RECORDS FOR THE EXERCISE Block Start

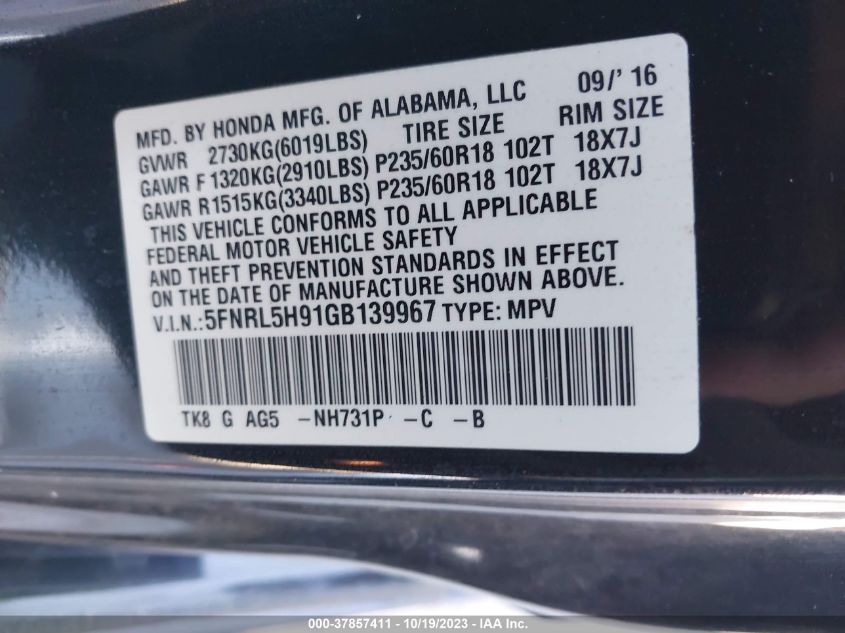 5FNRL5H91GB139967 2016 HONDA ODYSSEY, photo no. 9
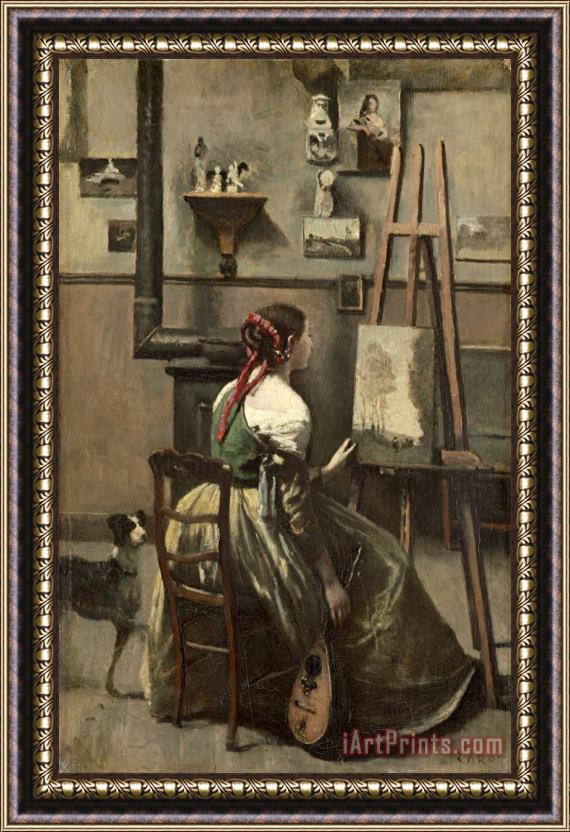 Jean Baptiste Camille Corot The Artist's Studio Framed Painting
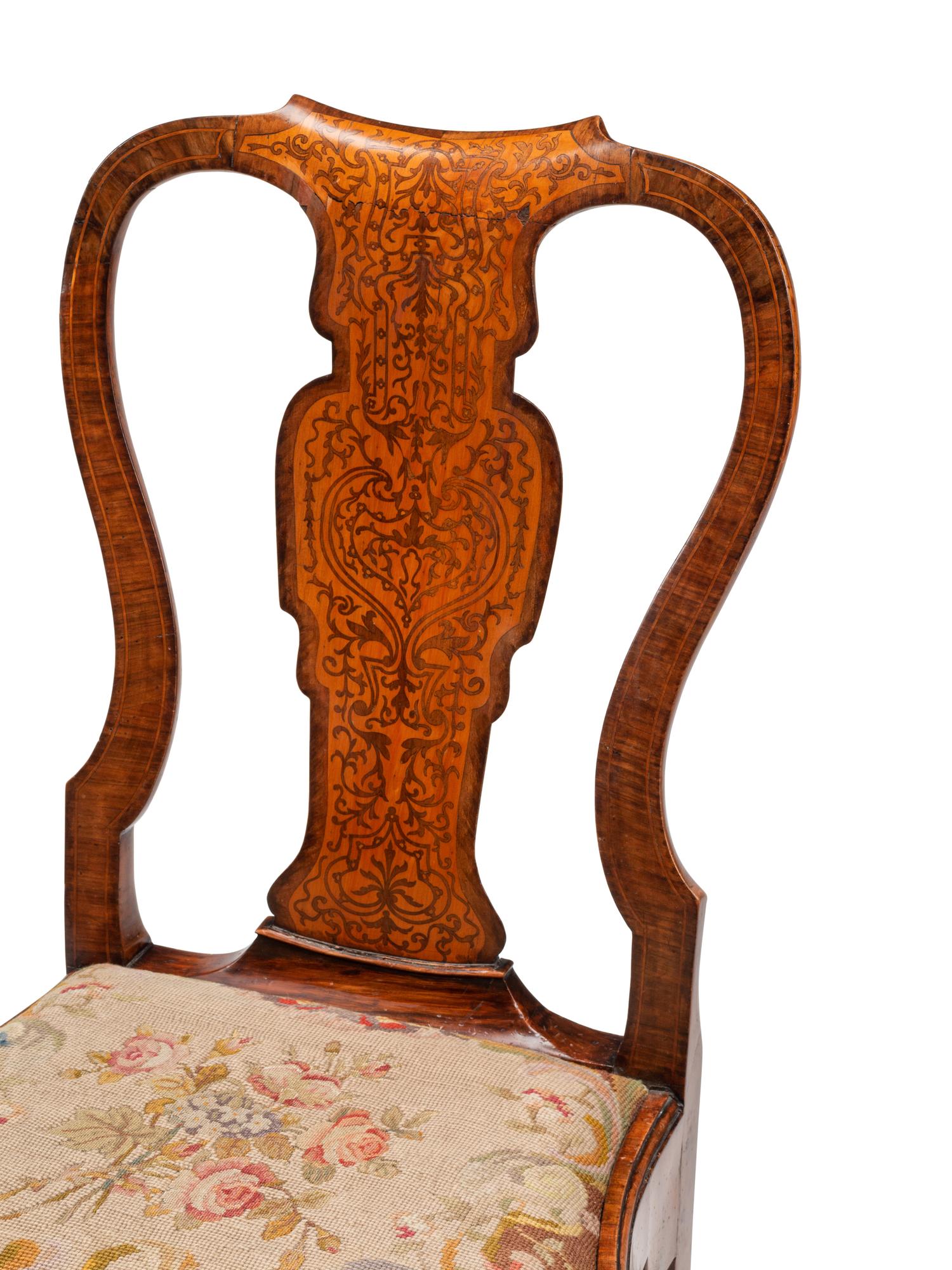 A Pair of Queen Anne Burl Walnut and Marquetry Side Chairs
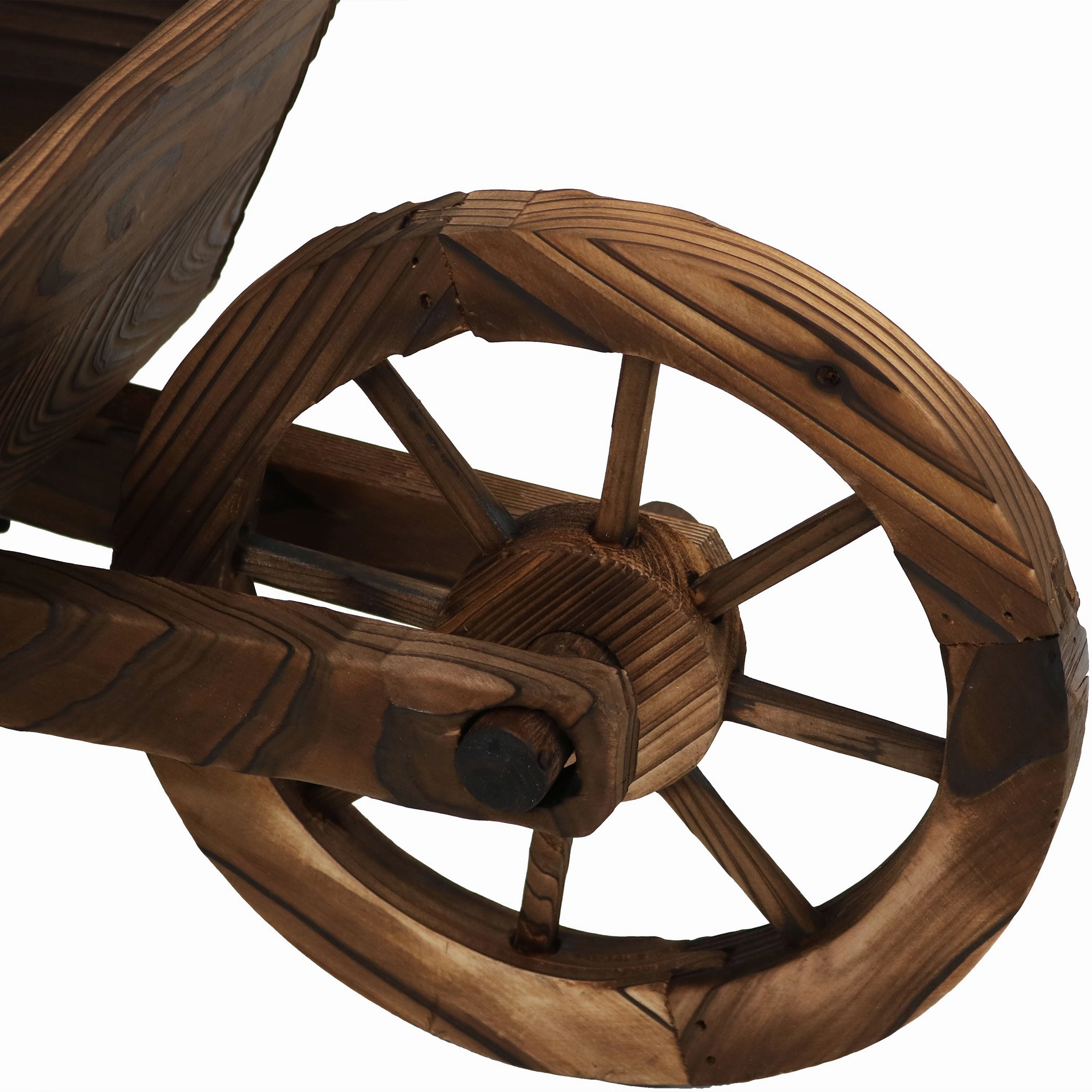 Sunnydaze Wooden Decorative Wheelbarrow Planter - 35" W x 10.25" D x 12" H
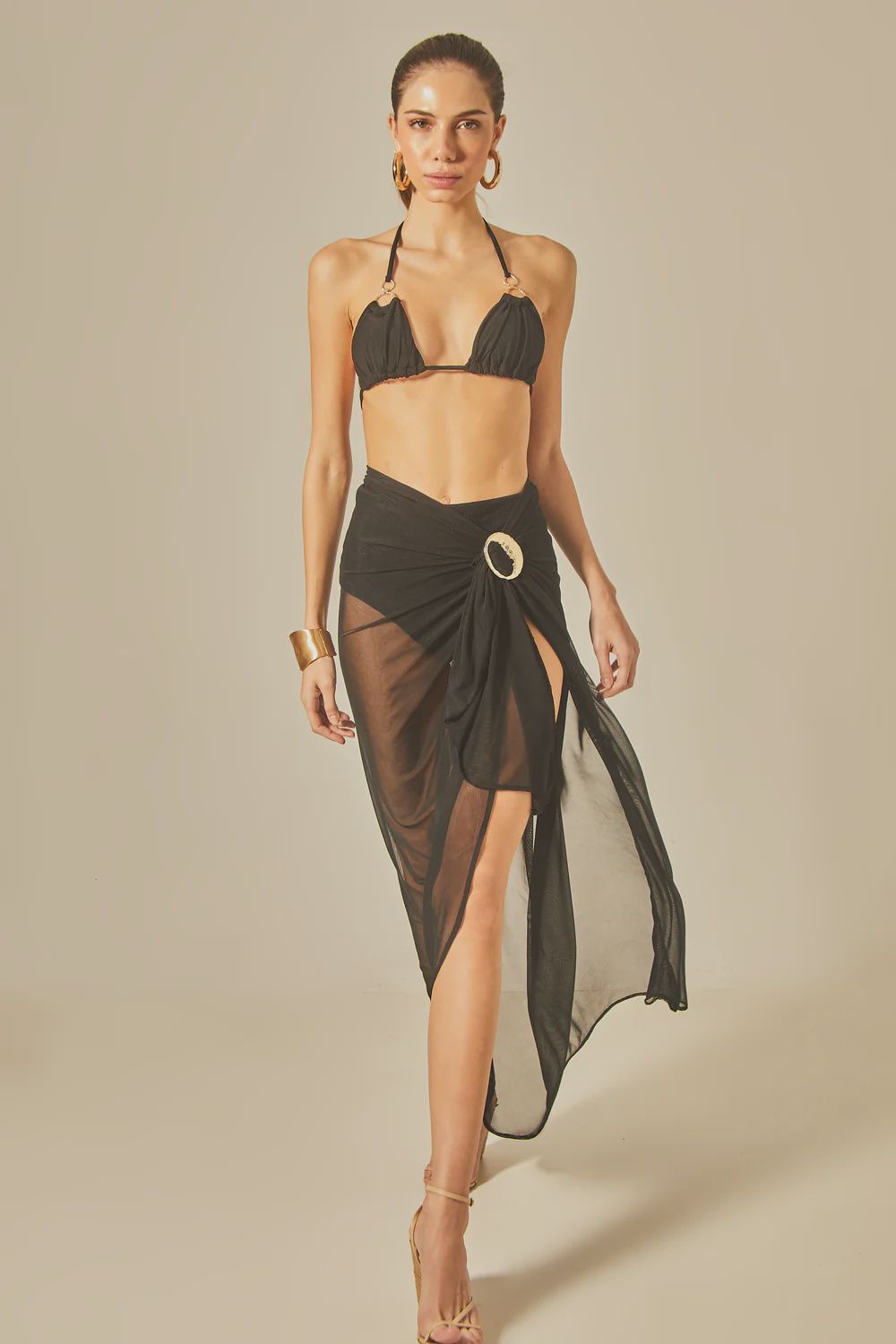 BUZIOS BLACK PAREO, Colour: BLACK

RECORDS FOR THE EXERCISE Block End

EXERCISE AIM
Line by line, restate the data above exactly as it stands, minus the pictures.

EXPECTED OUTPUT
 5FNRL5H91GB139967 2016 HONDA ODYSSEY, photo no. 9
 Jean Baptiste Camille Corot The Artist's Studio Framed Painting
 A Pair of Queen Anne Burl Walnut and Marquetry Side Chairs
 Sunnydaze Wooden Decorative Wheelbarrow Planter - 35" W x 10.25" D x 12" H
 BUZIOS BLACK PAREO, Colour: BLACK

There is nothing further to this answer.